— Source records —
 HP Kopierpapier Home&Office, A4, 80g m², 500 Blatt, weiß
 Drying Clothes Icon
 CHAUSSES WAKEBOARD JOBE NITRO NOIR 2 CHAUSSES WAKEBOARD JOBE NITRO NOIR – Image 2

--

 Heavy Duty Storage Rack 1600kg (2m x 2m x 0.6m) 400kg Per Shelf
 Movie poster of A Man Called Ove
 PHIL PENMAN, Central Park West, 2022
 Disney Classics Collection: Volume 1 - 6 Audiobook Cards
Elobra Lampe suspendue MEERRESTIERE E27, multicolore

...

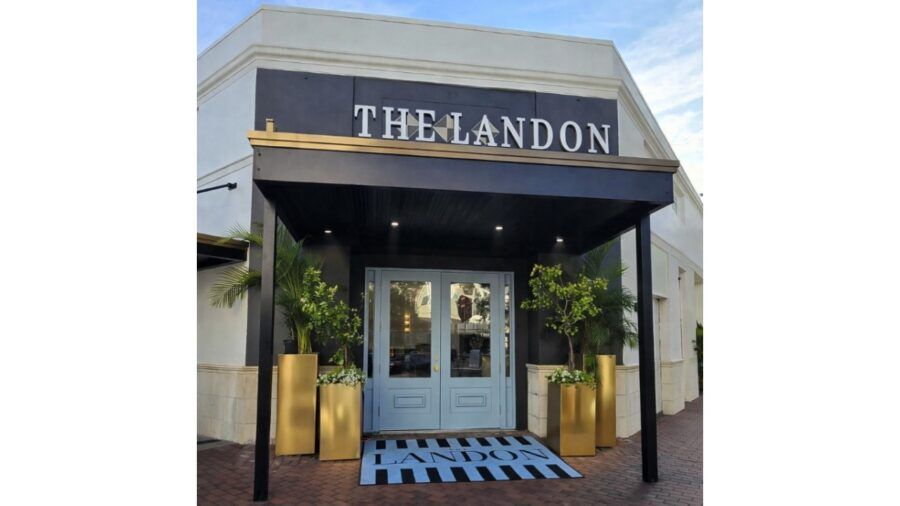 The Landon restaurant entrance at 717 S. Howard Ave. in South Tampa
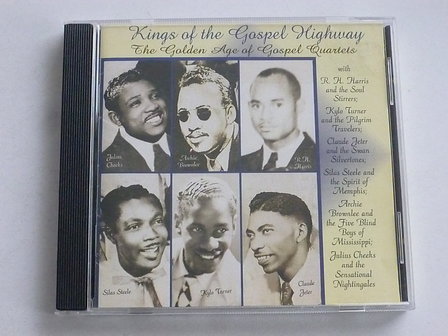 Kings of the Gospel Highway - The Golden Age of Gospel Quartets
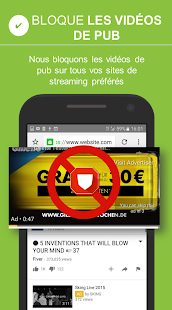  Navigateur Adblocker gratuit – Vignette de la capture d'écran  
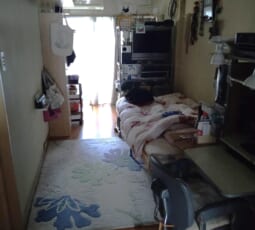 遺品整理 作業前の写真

— Work instructions —
Every line above from the line with "HP Kopierpapier Home&Office, A4, 80g" to the line with "CHAUSSES WAKEBOARD JOBE NITRO NOIR 2", inclusive, must be returned exactly; no other line belongs in the reply.

— Result of this task —
 HP Kopierpapier Home&Office, A4, 80g m², 500 Blatt, weiß
 Drying Clothes Icon
 CHAUSSES WAKEBOARD JOBE NITRO NOIR 2 CHAUSSES WAKEBOARD JOBE NITRO NOIR – Image 2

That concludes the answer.